> **Activity**
Repeat only the lines below from the one containing "RI license plate 436032" through the one containing "Bilmåtter 4 stk", inclusive, exactly as written.
━━━━━━━━
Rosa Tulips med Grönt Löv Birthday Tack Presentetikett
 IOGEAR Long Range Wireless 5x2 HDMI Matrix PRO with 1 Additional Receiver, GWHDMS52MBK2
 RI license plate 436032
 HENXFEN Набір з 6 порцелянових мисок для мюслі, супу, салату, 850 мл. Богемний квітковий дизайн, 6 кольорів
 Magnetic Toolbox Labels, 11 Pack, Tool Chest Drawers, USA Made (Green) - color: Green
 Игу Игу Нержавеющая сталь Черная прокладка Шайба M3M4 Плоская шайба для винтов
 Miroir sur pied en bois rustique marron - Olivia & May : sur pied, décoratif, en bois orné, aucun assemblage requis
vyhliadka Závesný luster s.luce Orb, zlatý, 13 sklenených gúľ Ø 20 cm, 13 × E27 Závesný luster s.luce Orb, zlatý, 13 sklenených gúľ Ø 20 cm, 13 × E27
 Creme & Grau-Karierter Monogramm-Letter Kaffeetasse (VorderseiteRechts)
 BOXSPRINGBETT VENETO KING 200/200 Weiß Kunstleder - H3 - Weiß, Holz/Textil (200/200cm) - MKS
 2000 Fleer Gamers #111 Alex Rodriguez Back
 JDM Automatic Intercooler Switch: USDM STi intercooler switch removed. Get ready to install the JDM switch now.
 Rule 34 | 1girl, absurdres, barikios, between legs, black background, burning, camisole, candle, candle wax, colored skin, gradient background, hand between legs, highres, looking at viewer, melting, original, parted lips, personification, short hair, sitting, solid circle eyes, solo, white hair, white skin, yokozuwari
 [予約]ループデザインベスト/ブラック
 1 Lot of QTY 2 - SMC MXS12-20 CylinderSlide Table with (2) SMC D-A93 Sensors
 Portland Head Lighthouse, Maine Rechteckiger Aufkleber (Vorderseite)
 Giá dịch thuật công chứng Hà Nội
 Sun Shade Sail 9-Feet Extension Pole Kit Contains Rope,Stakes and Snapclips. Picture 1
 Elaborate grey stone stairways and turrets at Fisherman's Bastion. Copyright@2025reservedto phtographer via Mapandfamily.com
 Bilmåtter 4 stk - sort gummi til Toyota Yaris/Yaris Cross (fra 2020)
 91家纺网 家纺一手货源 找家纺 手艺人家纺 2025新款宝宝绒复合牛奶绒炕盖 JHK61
━━━━━━━━
> **Exercise result**
 RI license plate 436032
 HENXFEN Набір з 6 порцелянових мисок для мюслі, супу, салату, 850 мл. Богемний квітковий дизайн, 6 кольорів
 Magnetic Toolbox Labels, 11 Pack, Tool Chest Drawers, USA Made (Green) - color: Green
 Игу Игу Нержавеющая сталь Черная прокладка Шайба M3M4 Плоская шайба для винтов
 Miroir sur pied en bois rustique marron - Olivia & May : sur pied, décoratif, en bois orné, aucun assemblage requis
vyhliadka Závesný luster s.luce Orb, zlatý, 13 sklenených gúľ Ø 20 cm, 13 × E27 Závesný luster s.luce Orb, zlatý, 13 sklenených gúľ Ø 20 cm, 13 × E27
 Creme & Grau-Karierter Monogramm-Letter Kaffeetasse (VorderseiteRechts)
 BOXSPRINGBETT VENETO KING 200/200 Weiß Kunstleder - H3 - Weiß, Holz/Textil (200/200cm) - MKS
 2000 Fleer Gamers #111 Alex Rodriguez Back
 JDM Automatic Intercooler Switch: USDM STi intercooler switch removed. Get ready to install the JDM switch now.
 Rule 34 | 1girl, absurdres, barikios, between legs, black background, burning, camisole, candle, candle wax, colored skin, gradient background, hand between legs, highres, looking at viewer, melting, original, parted lips, personification, short hair, sitting, solid circle eyes, solo, white hair, white skin, yokozuwari
 [予約]ループデザインベスト/ブラック
 1 Lot of QTY 2 - SMC MXS12-20 CylinderSlide Table with (2) SMC D-A93 Sensors
 Portland Head Lighthouse, Maine Rechteckiger Aufkleber (Vorderseite)
 Giá dịch thuật công chứng Hà Nội
 Sun Shade Sail 9-Feet Extension Pole Kit Contains Rope,Stakes and Snapclips. Picture 1
 Elaborate grey stone stairways and turrets at Fisherman's Bastion. Copyright@2025reservedto phtographer via Mapandfamily.com
 Bilmåtter 4 stk - sort gummi til Toyota Yaris/Yaris Cross (fra 2020)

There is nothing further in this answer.